With their revolutionary art and passionate performances, they smashed the barriers between art and politics. They left an indelible mark on the form of theatre itself, pushing it off its com- fortable naturalistic pedestal and into experimental realms of radical confrontation, stirring ritual, and spectacle that was no less vivid for its frequent underfunding.
They took their central theme of the world as prison to the theatres and the streets across Europe, the United States and Brazil, questioning the authority of political power everywhere with stamina and commitment.
The Living put on new and controversial plays of their own, produced works by the then-unseen new wave of European playwrights, explored a myriad of new forms pulled from the theatrical theories of Brecht & Artaud. Perhaps above all, they moved theatre squarely into the political arena, challenging quiescent assumptions and cherished idealogies. Founded in 1947, the theatre began by producing the works of Picasso, T.S. Eliot, John Ashberry, W. H. Auden, Jean Cocteau, Paul Goodman, Strindberg and Pirandello.
The theatre took on national prominence in 1959 when it presented Jack Gelber's hyper-realistic view of drug pushers and addicts. "The Connection," complete with hazy Jazz, needles shooting into arms and street language transferred to the stage, was explosive. The public was outraged.
From 1959 to 1963, in a space that John Cage and Merce Cunningham helped to find, the Living Theatre became the center of New York's cultural avant-garde and the goad of its social conscience. This was not without consequences. Their production of The Brig, Kenneth Brown's searing look at human debasement in a Marine prison, led to calls for military reform and may have provoked the government: The IRS moved in, demanding back taxes and eventually seized their theatre. After protests to save it failed, Beck and Malina locked themselves in the stage prison where they stayed until they were physically removed and taken to real jail.
Smacked with a five-year suspended sentence, Beck and Malina left for Europe. There they developed their best-known works, Frankenstein, Mysteries, Antigone, and Paradise Now. They became known for confronting the audience with its passivity, often dragging spectators into the aisles, inducing them into performances and inciting them to mass action.
In 1968, they were involved in the Paris student riots. In 1970, they took their theatre into the streets with pieces developed for public places in Europe, the U.S., and Brazil. It was not until the late 70s that they returned to conventional venues, performing Ernst Toller's 1920 Masse Mensch and their own new plays, Seven Meditations on Political Sado-Masochism, The Yellow Methuselah and Beck's last work, The Archaeology of Sleep.
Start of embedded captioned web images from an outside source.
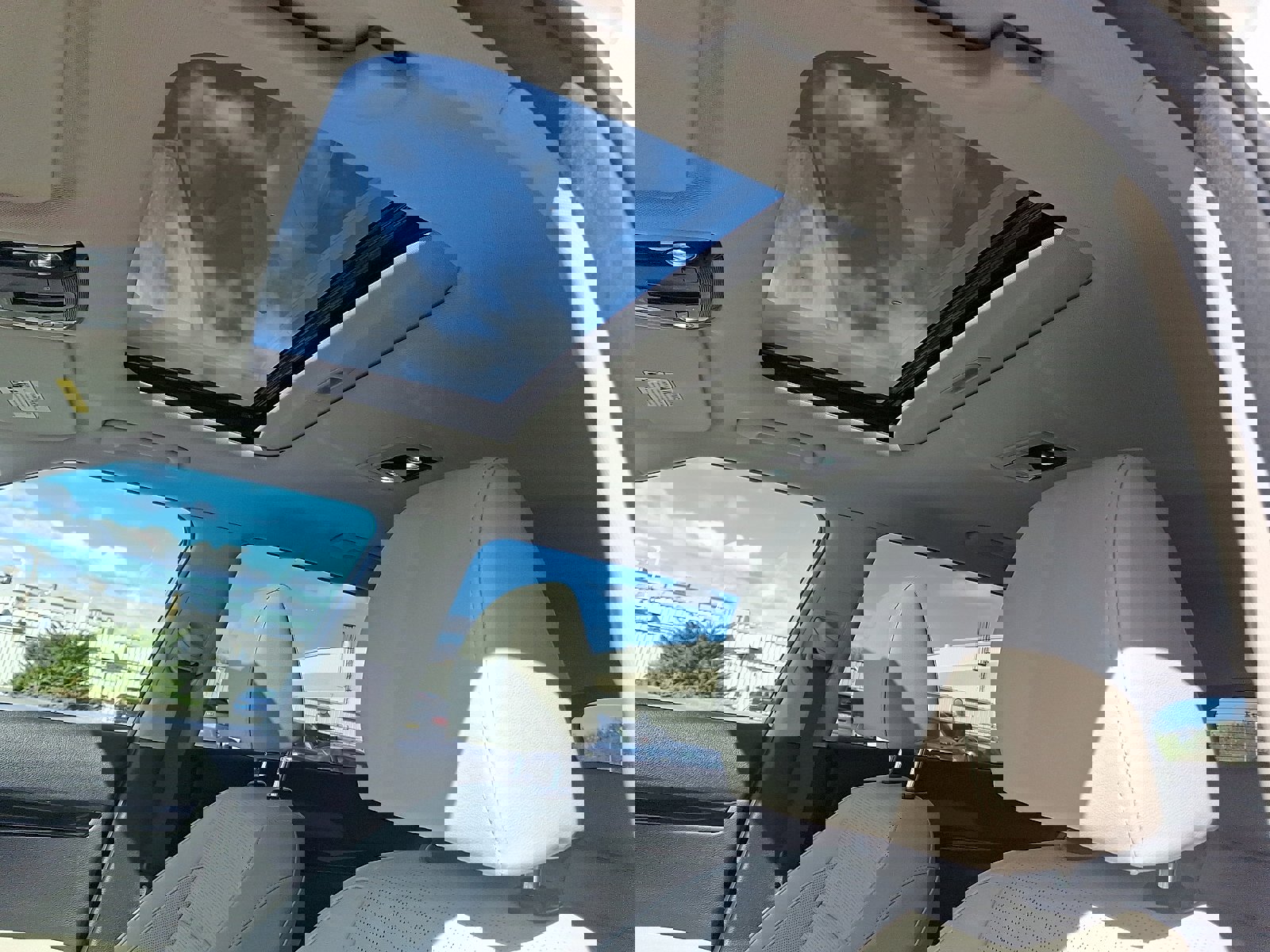 Used 2021 Kia Seltos EX image 13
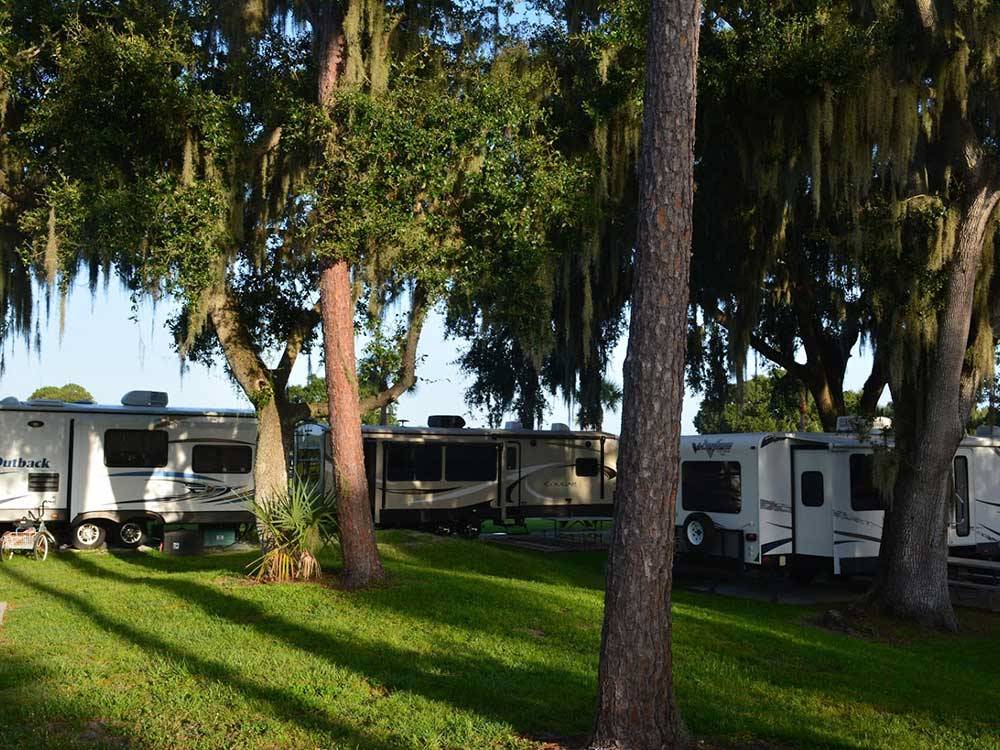RVs and trailers at campground at SANLAN RV & GOLF RESORT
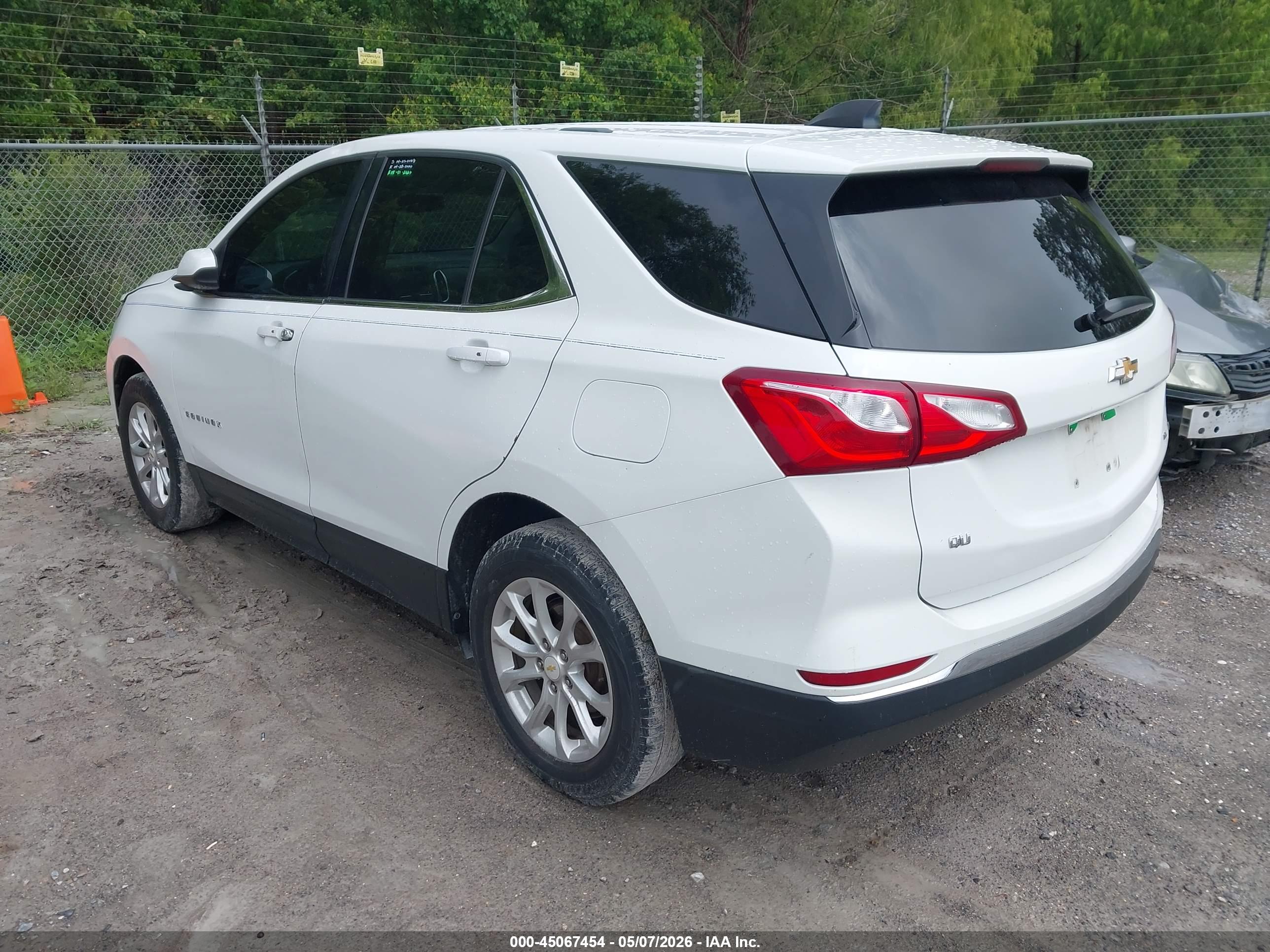 CHEVROLET EQUINOX image 3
Their odyssey lasted nearly twenty years. In 1983 Beck, Malina and The Living returned to New York for a run at the Joyce Theater. The repertoire was met with critical hostility. Before they could find money for a space of their own, Julian was diagnosed with stomach cancer.
Beck died in 1985. Not just a political and artistic iconoclast, he was also a pacifist, anarchist, feminist, vegetarian, theorist of gay and bi-sexuality, and unflaggingly creative. His abstract paintings showed at Peggy Guggenheim's gallery & formed huge, scrolling backdrops for at least one Living Theatre production. His book, Life of the Theatre, has appeared in more than one edition.
Malina shared his passions & was prolific as well, publishing diaries and poems, teaching theater at New York University, and continuing to produce work with The Living after Beck's death.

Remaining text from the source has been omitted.